If \(\dim H = 2\), then (i)\(\iff \)(ii) was proved in Lemma 3.1, so from now on we will assume \(2< \dim H < \infty \). Also, as the case when \(A\in \mathcal {SC}(H)\) is trivial, we assume otherwise throughout the proof.

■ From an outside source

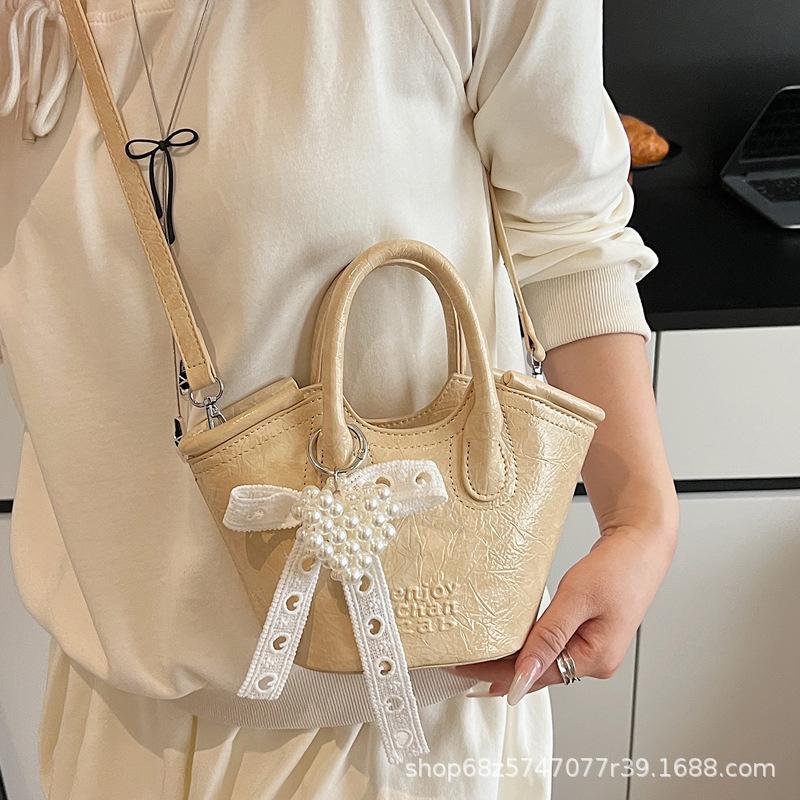 Premium Handbag Bag Women's 2025 New Fashion Versatile Foreign Style Bucket Bag Casual Simple Women's Messenger Bag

(i)\(\Longrightarrow \)(ii): Suppose that \(0,1 \in \sigma (A)\) and consider an arbitrary effect B with \(B^\sim \subseteq A^\sim \). By Lemma 2.12, A and B commute. If \(0 = \lambda _1 \le \lambda _2 \le \dots \le \lambda _{n-1} \le \lambda _n = 1\) are the eigenvalues of A, then the matrices of A and B written in an orthonormal basis of joint eigenvectors are the following:

$$\begin{aligned} A = \left[ \begin{matrix} 0 &{} 0 &{} \dots &{} 0 &{} 0 \\ 0 &{} \lambda _2 &{} \dots &{} 0 &{} 0 \\ \vdots &{} &{} \ddots &{} &{} \vdots \\ 0 &{} 0 &{} \dots &{} \lambda _{n-1} &{} 0 \\ 0 &{} 0 &{} \dots &{} 0 &{} 1 \\ \end{matrix}\right] \quad \text {and} \quad B = \left[ \begin{matrix} \mu _1 &{} 0 &{} \dots &{} 0 &{} 0 \\ 0 &{} \mu _2 &{} \dots &{} 0 &{} 0 \\ \vdots &{} &{} \ddots &{} &{} \vdots \\ 0 &{} 0 &{} \dots &{} \mu _{n-1} &{} 0 \\ 0 &{} 0 &{} \dots &{} 0 &{} \mu _n \\ \end{matrix}\right] \end{aligned}$$

with some \(\mu _1,\dots \mu _n \in [0,1]\). Notice that by Corollary 2.8, for all \(1\le i < j \le n\) we have

$$\begin{aligned} \left[ \begin{matrix} \mu _i &{} 0 \\ 0 &{} \mu _j \end{matrix}\right] ^\sim \subseteq \left[ \begin{matrix} \lambda _i &{} 0 \\ 0 &{} \lambda _j \end{matrix}\right] ^\sim . \end{aligned}$$

In particular, choosing \(i = 1, j = n\) implies either \(\mu _1 = 0\) and \(\mu _n = 1\), or \(\mu _1 = 1\) and \(\mu _n = 0\). Assume the first case. If we set \(i=1\), then Lemma 3.2 and (47) imply \(\mu _j \ge \lambda _j\) for all \(j = 2,\dots , n-1\). But on the other hand, setting \(j=n\) implies \(\mu _i \le \lambda _i\) for all \(i = 2,\dots , n-1\). Therefore we conclude \(B = A\). Similarly, assuming the second case implies \(B=A^\perp \).

(ii)\(\Longrightarrow \)(i): Assume (i) does not hold, then there exists a positive number \(\varepsilon \) such that \(\sigma (A) \subseteq [0,1-\varepsilon ]\) or \(\sigma (A^\perp ) \subseteq [0,1-\varepsilon ]\). Suppose the first possibility holds, then \(\tfrac{1}{1-\varepsilon }A \notin \{A,A^\perp \}\) and \(\left( \tfrac{1}{1-\varepsilon }A\right) ^\sim \subseteq A^\sim \). The second case is very similar. \(\square \)

We only proved the above lemma and Corollary 2.11 in the finite dimensional case. The following two questions would be interesting to examine:

Question 6.2

Does the statement of Corollary 2.11 remain true for general infinite dimensional Hilbert spaces?

Question 6.3

Does the statement of Lemma 6.1 hold if \(\dim H \ge \aleph _0\)?

Finally, our first main theorem characterises completely when \(A^\sim = B^\sim \) happens for two effects A and B. However, we gave only some partial results about when \(A^\sim \subseteq B^\sim \) occurs, e.g. Lemma 2.12.

Question 6.4

How can we characterise the relation \(A^\sim \subseteq B^\sim \) for effects AB?

We believe that a complete answer to this latter question would represent a substantial step towards the better understanding of coexistence.